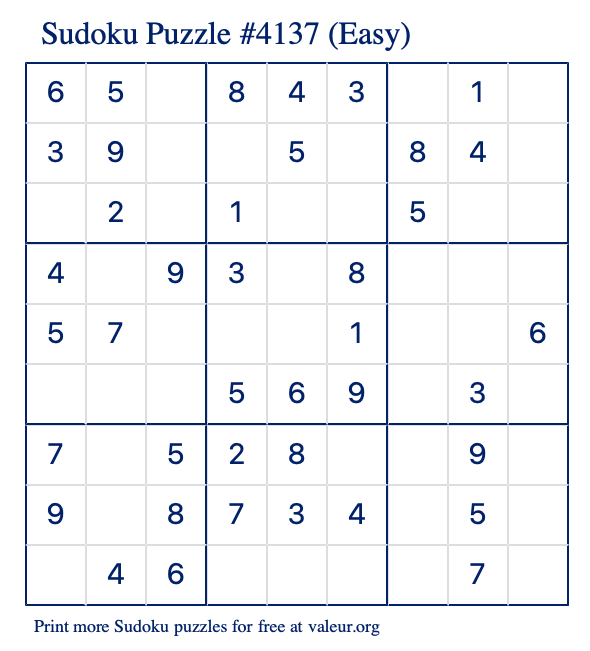 Free Printable Easy Sudoku Puzzle number 4137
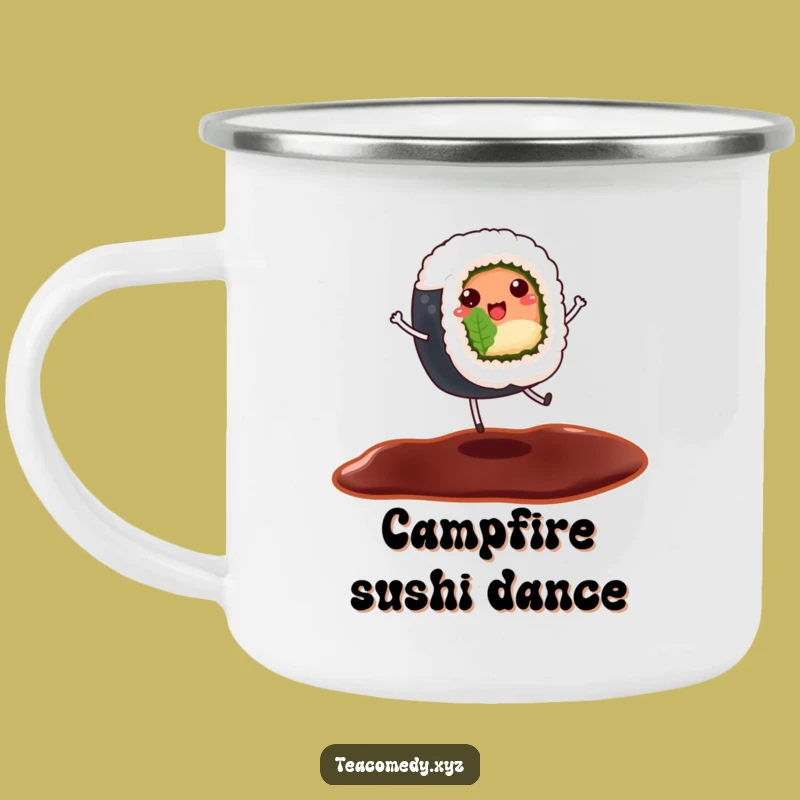 Funny Sushi Camping Mug - Dancing Roll Enamel, Hilarious Outdoor Foodie Gift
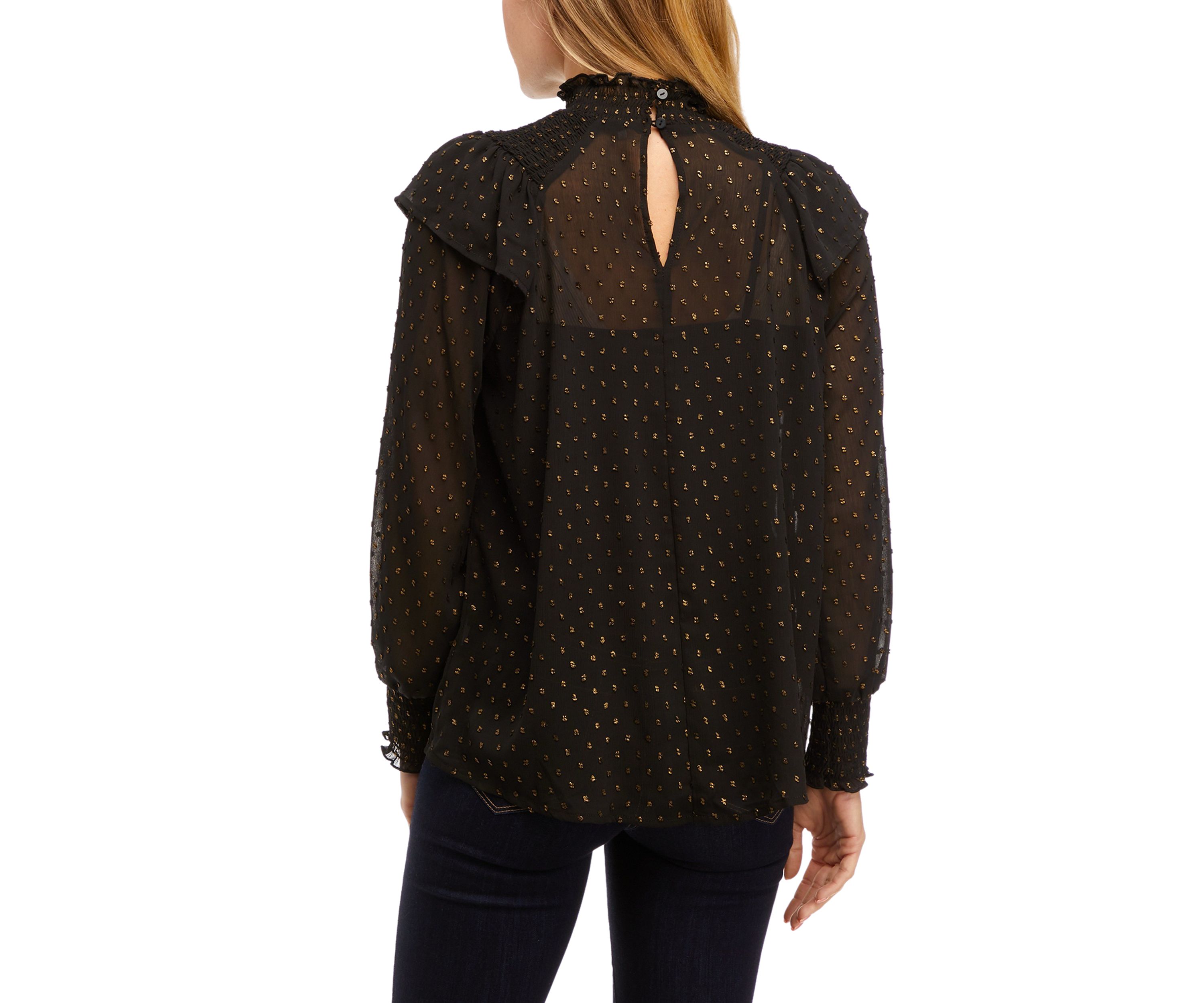 Womens Long Sleeve Clip Dot Ruffle Smocked Blouse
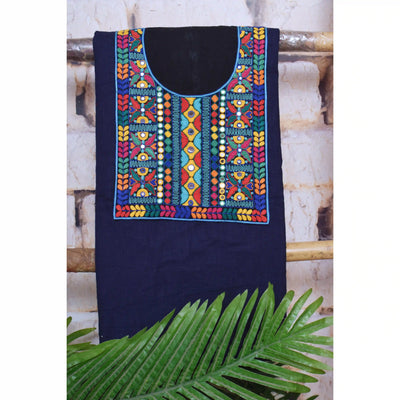 Hand Embroidered Cotton Designer Kurti - SSEthnics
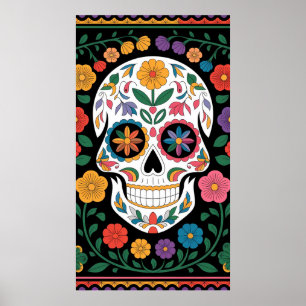 Affiche Art folklorique mexicain Design Floral & Motif géo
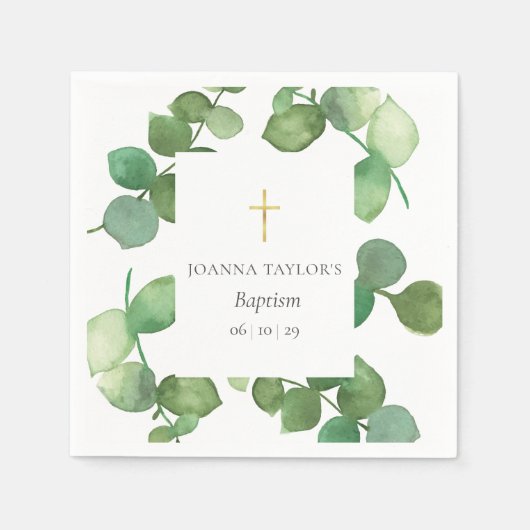Serviette En Papier Eucalyptus Verdure Baptême Christening (Devant)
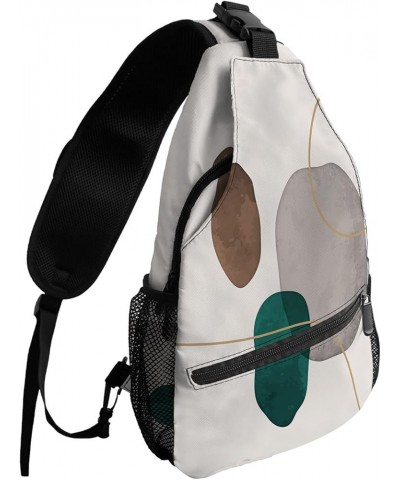 Sling Bag Crossbody Bag for Women Men Mid Century Tropical Leaves Abstract Art Waterproof Hiking Backpack Lightweight Chest S...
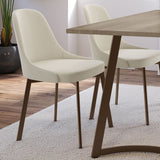 Amisco Harper Upholstered Dining Chair, Boucle Polyester Fabric & Bronze Metal Frame
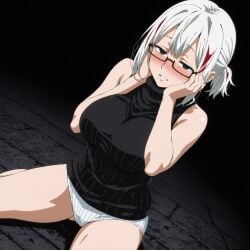 1919gigantic 1girls ai_generated big_breasts blush fuyumi_todoroki glasses looking_at_viewer my_hero_academia panties thick_thighs white_hair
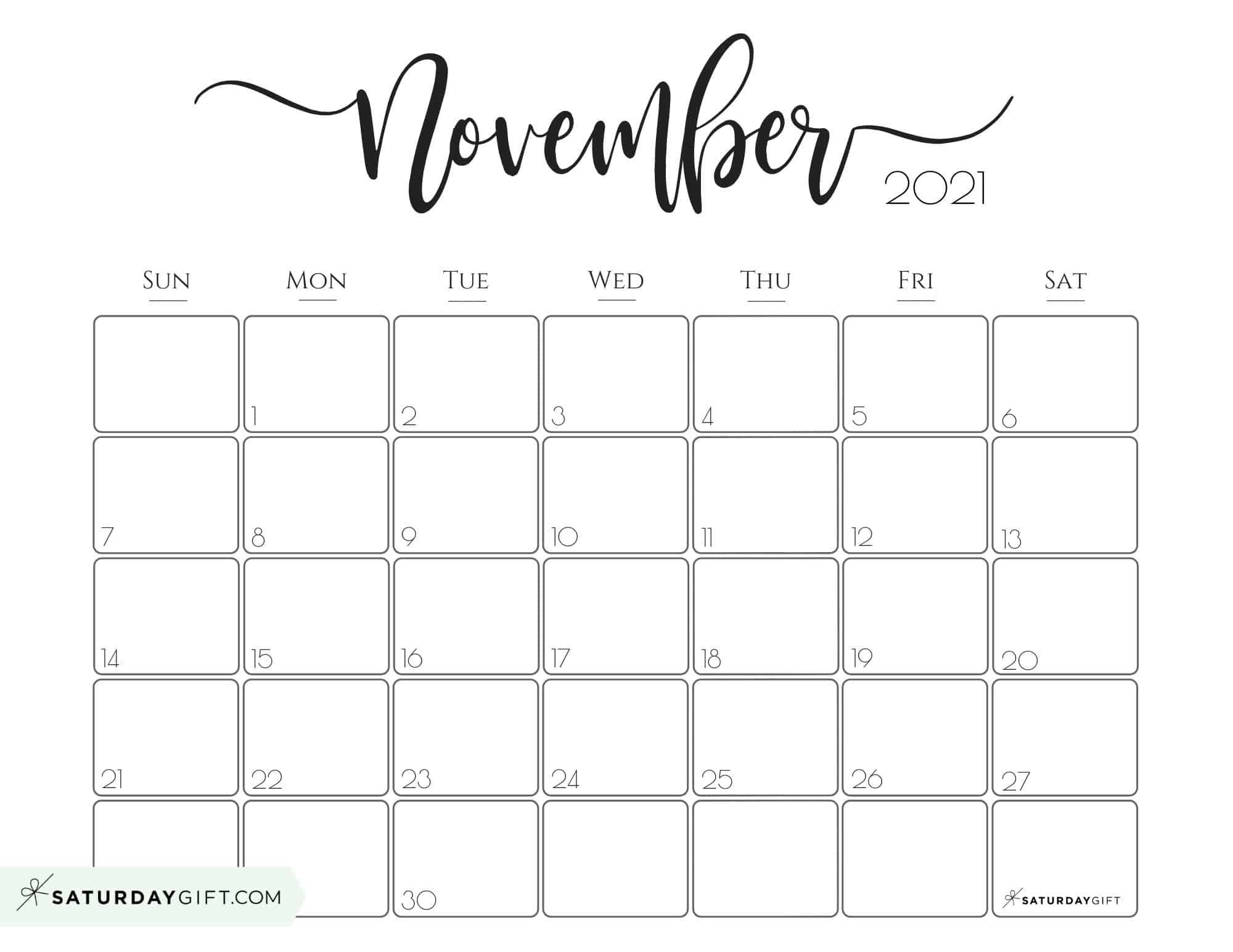 Elegant 2021 Calendarsaturdaygift - Pretty Printable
------------------------------------------------
## [Aim of the task]
Set down all records verbatim, omitting images.

## [Completed exercise]
 Free Printable Easy Sudoku Puzzle number 4137
 Funny Sushi Camping Mug - Dancing Roll Enamel, Hilarious Outdoor Foodie Gift
 Womens Long Sleeve Clip Dot Ruffle Smocked Blouse
 Hand Embroidered Cotton Designer Kurti - SSEthnics
 Affiche Art folklorique mexicain Design Floral & Motif géo
Serviette En Papier Eucalyptus Verdure Baptême Christening (Devant)
 Sling Bag Crossbody Bag for Women Men Mid Century Tropical Leaves Abstract Art Waterproof Hiking Backpack Lightweight Chest S...
 Amisco Harper Upholstered Dining Chair, Boucle Polyester Fabric & Bronze Metal Frame
 1919gigantic 1girls ai_generated big_breasts blush fuyumi_todoroki glasses looking_at_viewer my_hero_academia panties thick_thighs white_hair
 Elegant 2021 Calendarsaturdaygift - Pretty Printable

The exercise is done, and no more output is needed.